The Protocols (Alphabet Soup)

In order to make all of this work and become accepted, you need to worry about things like low latency, flow control and lossless quality. This needs to be addressed with standards. The results are CEE and FCoE. The issue arises with CEE. Not all of the components have been finalized. Things like priority based flow control (IEEE 802.1Qbb), Enhanced Transmission Selection (IEEE 802.1Qaz), Congestion Management (IEEE 802.1Qau) and. The IETF is still working on Transparent Interconnection of Lots of Links (TRILL) which will enable a layer 2 multipath without STP.

Feature/Standard

Benefit

Priority Flow Control (PFC)
IEEE 802.1Qbb

Helps enable a lossless network, allowing storage and networking traffic types to share a common network link

Enhanced Transmission Selection (Bandwidth Management)
IEEE 802.1Qaz

Enables bandwidth management by assigning bandwidth segments to different traffic flows

Congestion Management
IEEE 802.1Qau

Provides end-to-end congestion management for Layer 2 networks

Data Center Bridging Exchange Protocol (DCBX)

Provides the management protocol for CEE

L2 Multipathing: TRILL in IETF

Recovers bandwidth, multiple active paths; no spanning tree

FCoE/FC awareness

Preserves SAN management practices

Source: Brocade Data Center Convergence Overview Net.Ed Session
.
.

My Two Cents

So, without fully functioning CEE, the FCoE cannot traverse the network. This stuff is all supposed to be ratified soon. Until these components are ratified, the dream of true FCoE is just a dream. The bridging can’t be done close to the core yet. So People who decided to start using CNAs and Data Center Bridges will need to place the DCBs close to the server (No Hops!) and terminate their FC at the DCB. In the case of the UCS, this is the Top of Rack or End/Middle of Row switch . In the case of an HP chassis, it’s the chassis, and they don’t even have this stuff yet.

My question is this: Why adopt a technology that is not completely ratified? Like I said before, all of this requires change. You may be in the middle of a consolidation project and you are looking at I/O consolidation. Do you really want to design your data center infrastructure to support part of a protocol? Are you willing to make changes now and then make new changes in six months to bring the storage closer to the core?

So, let’s assume everything is ratified. You have decided to consolidate your I/O. How many connections do you really save? Based on typical blade chassis configurations, it may be four to eight FC cables. But look at it another way: You are losing that bandwidth. A pair of 10Gb CNAs will give you a total of about 20Gb of bandwidth. A pair of 10GbE Adapters and a pair of 8Gb FC adapters gives you about 36Gb. So, sure, you save a few cables. But you give away bandwidth. When you think about available bandwidth, is a pair of 10Gb CNAs or NICs enough? I remember when 100Mb was plenty. If consolidation is becoming I/O bound, do you want to limit yourself?  How about politics? Will your network team and storage team play nice together? Where is the demarcation between SAN and LAN?

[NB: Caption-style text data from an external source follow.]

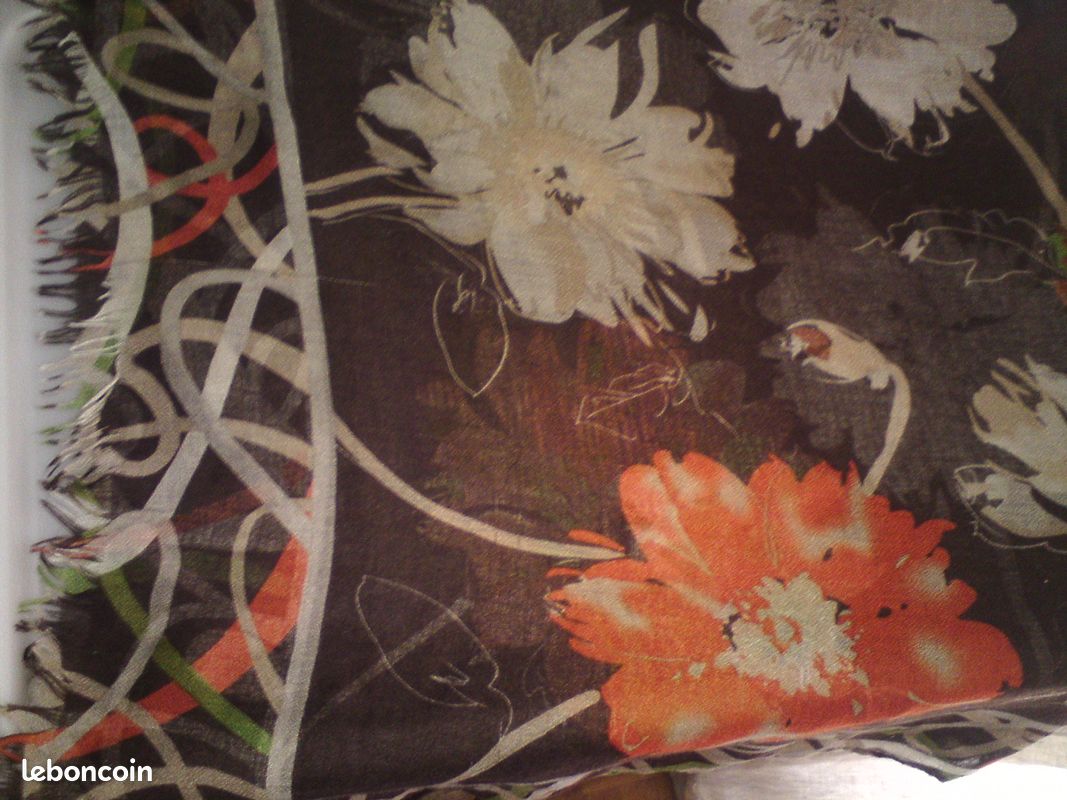 Etole ou Paréo Grand foulard Motifs multicolores de fleurs (beige, orange, vert, sur fond brun) (image 12)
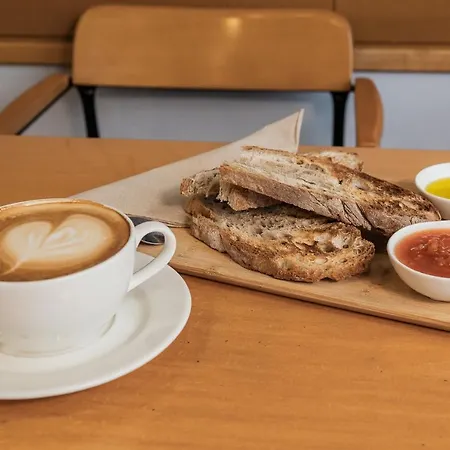 Ξενοδοχείο Silva *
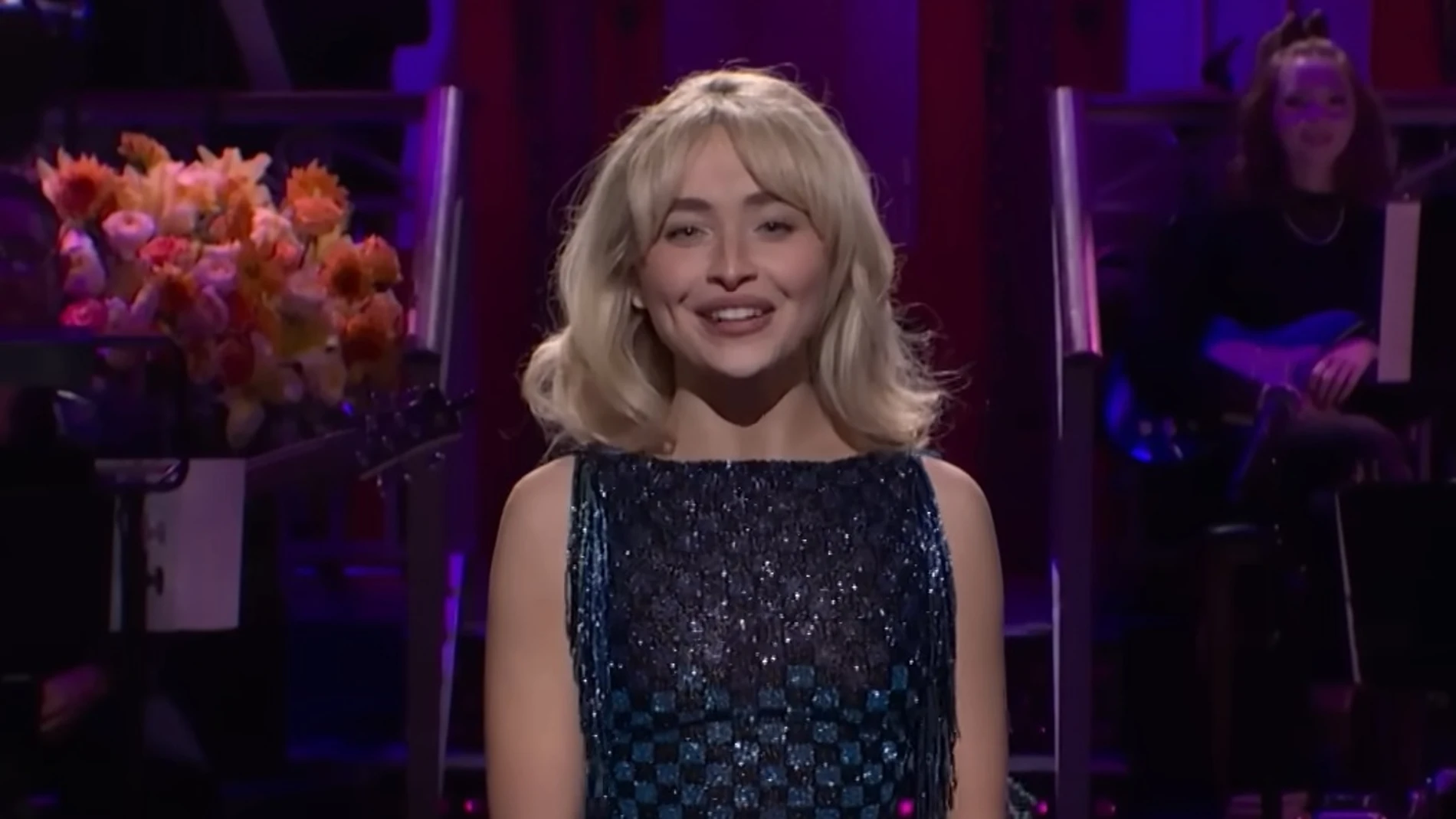 Sabrina Carpenter durante su monólogo en 'SNL' Sabrina Carpenter durante su monólogo en 'SNL'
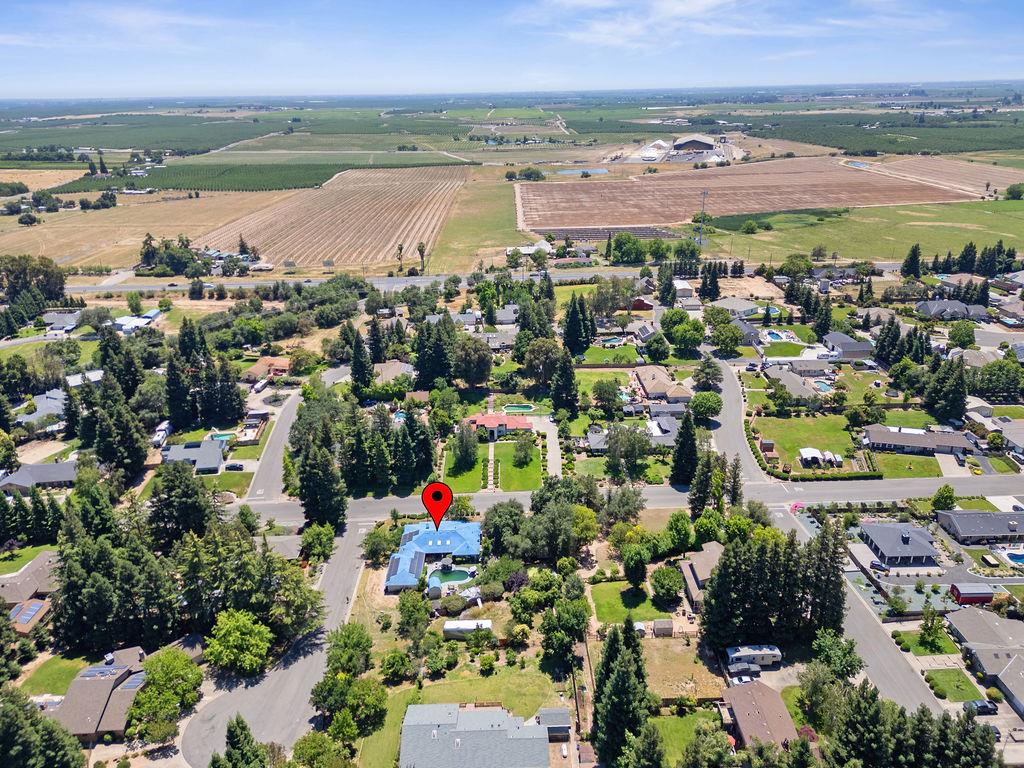 9901 Wild Oak Ct, Oakdale, CA 95361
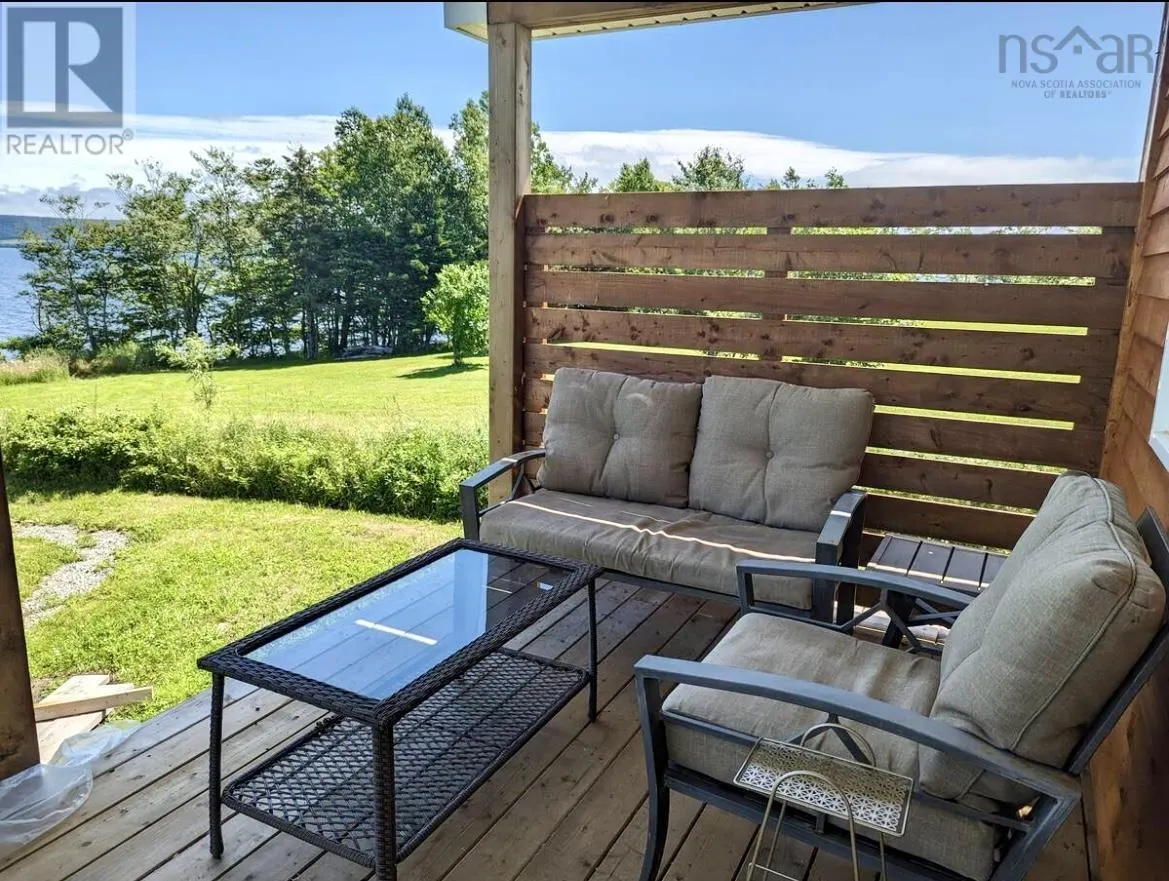 1543 West Lake Ainslie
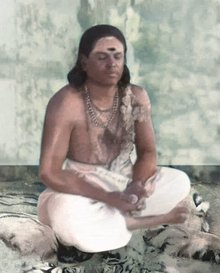 Medaimani's tweet image. தியாகி, திருமிகு. வி.ஏ.சிவன் அவர்கள் தேவரை பற்றி கொடுத்த அரிய செய்தி!!
கன்னியாகுமரி பாறைக்கு தேவர் நீந்தியே சென்று, தலையில் தண்ணீர் சொட்ட சொட்ட, கிழக்கே சூரியனை நோக்கி தியானத்தில் இருந்தார். அதிகாலை சூரிய உதய நேரம், அரைமணி நேரம் நிஷ்டையில் இருந்தார். அன்று இரவு…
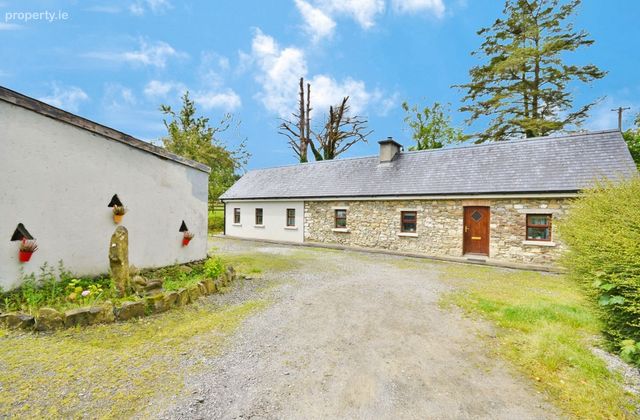 Gortacloghane, Lyracrompane, Listowel, Co. Kerry - Click to view photos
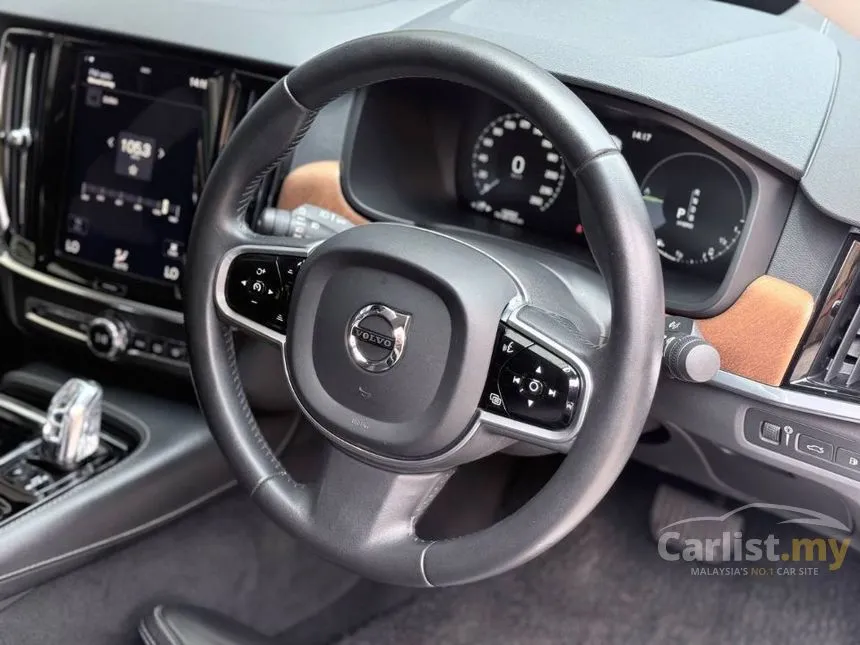 2018 Volvo S90 T8 Inscription Plus Sedan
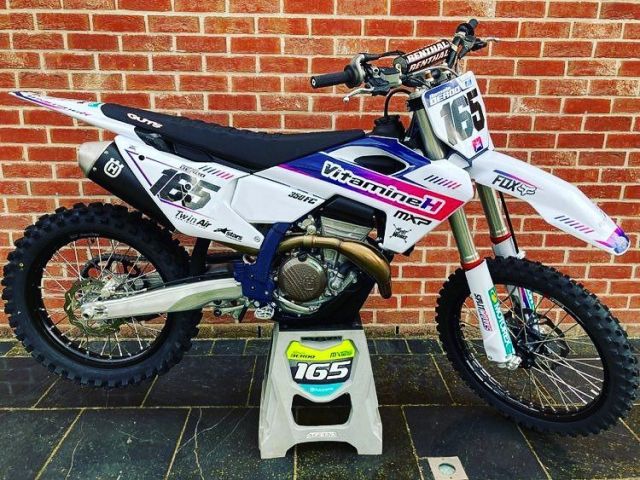 Kit déco 100% perso pour Husqvarna
‌
🖥️ : www.splitworks.fr
‌
#mx #motocross #graphic #kitdeco #mxgraphics #mxdecals #motocrossgraphics #supermoto #supermotard #motolife #mxlife⁣⁣⁣⁣⁣⁣⁣⁣⁣⁣⁣⁣
#impression #publicity #publicite #ride #dirtbike #motorcycle #stickers #print #design #splitworks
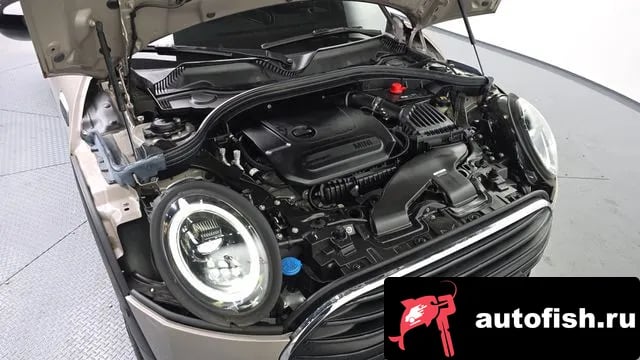 Mini Clubman Cooper Clubman 2022 года - вид 6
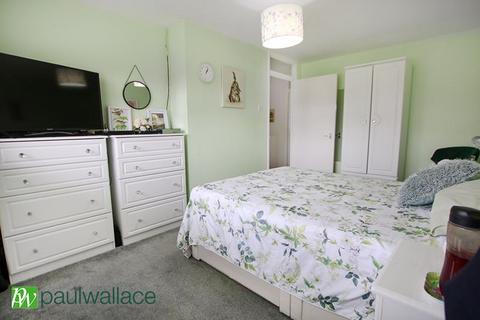 56 Rowlands Close, Cheshunt, Waltham Cross, EN8 9NP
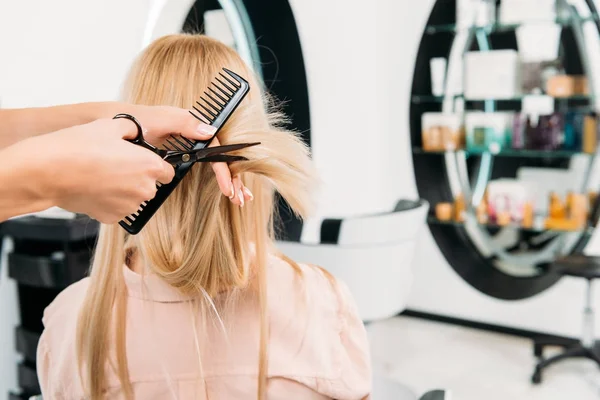Abgeschnittenes Bild Vom Friseur Der Die Haarenden Salon Trimmt — Stockfoto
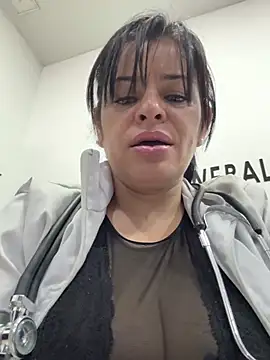 NATHALIA-28  online show from 05/06/26, 11:58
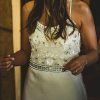 Vestido de novia de seda, rediseñado según el gusto de la dueña en Chile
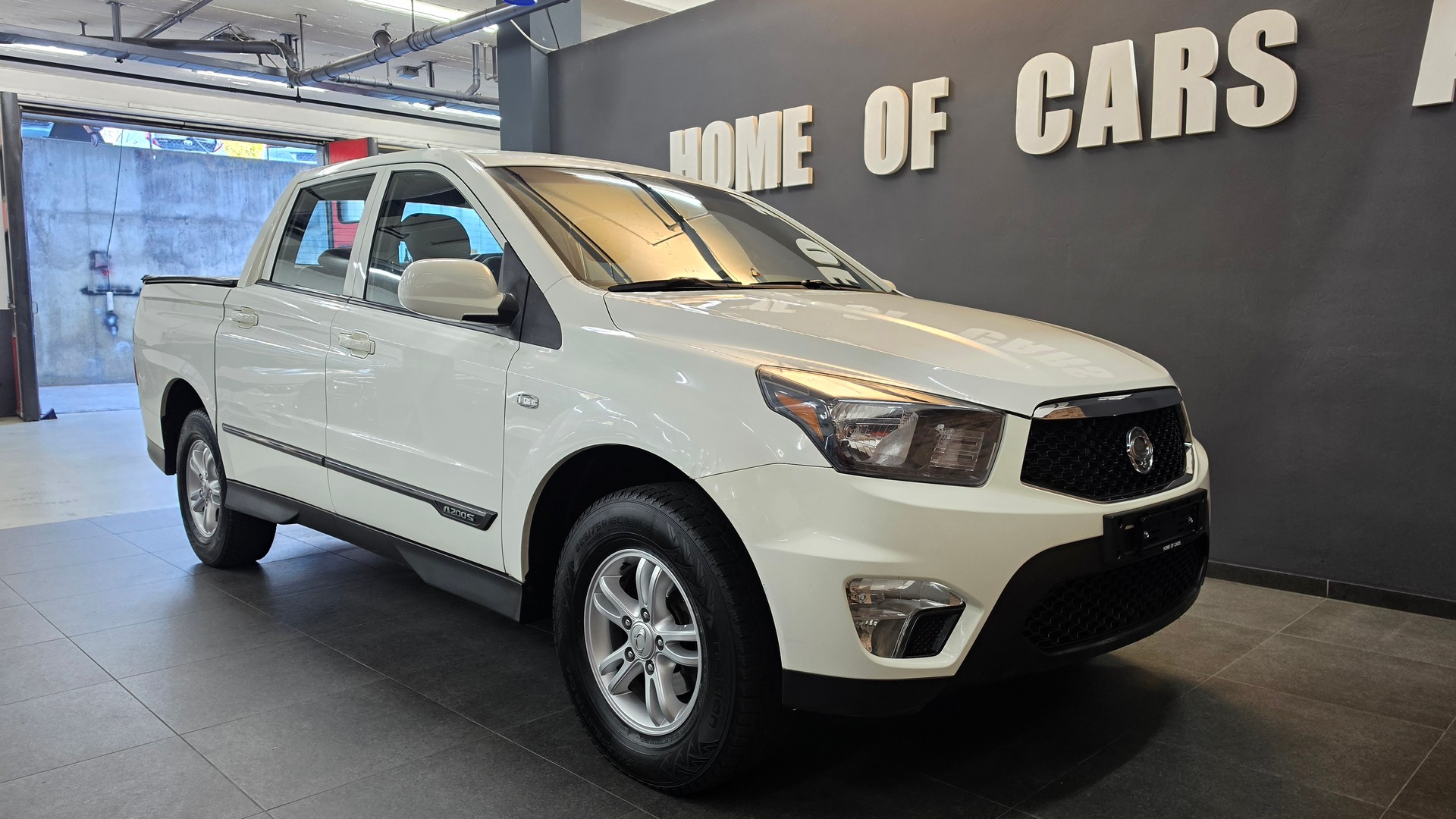 KGM-SsangYong Actyon Sports FR 2.0 Sapphire 4WD A-image-13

I first saw the UCS Blades almost a year ago and I was excited about the new technology. Their time is coming soon. The HP Blades have always impressed me since they were introduced. They will never go away. I have used the IBM and Dell blades. My mother always said that if I didn’t have anything nice to say about something, don’t say anything at all…

When I take a look at the server hardware available to me now (HP and Cisco), I see pluses and minuses to both. The UCS Blades have no provisions for FC, so you need to drink the FCoE Kool Aide or use iSCSI. The HP blades allow for more I/O connections and can support FC, but not FCoE. If you want to make the playing field similar, you should compare UCS to the HP Blades with Flex-10. This will make the back-end I/O modules similar. Both act as a sort of matrix to map internal I/O to external I/O. Both will pass VLAN tags for VST and both will accommodate the 1000-v dvSwitches. The thing about Flex-10 is that it requires a different management interface if you are already a Cisco shop.

There’s a fast moving freight train called CHANGE on the track. It never stops. You need to decide when you have the guts to jump on and when you have the guts to jump off.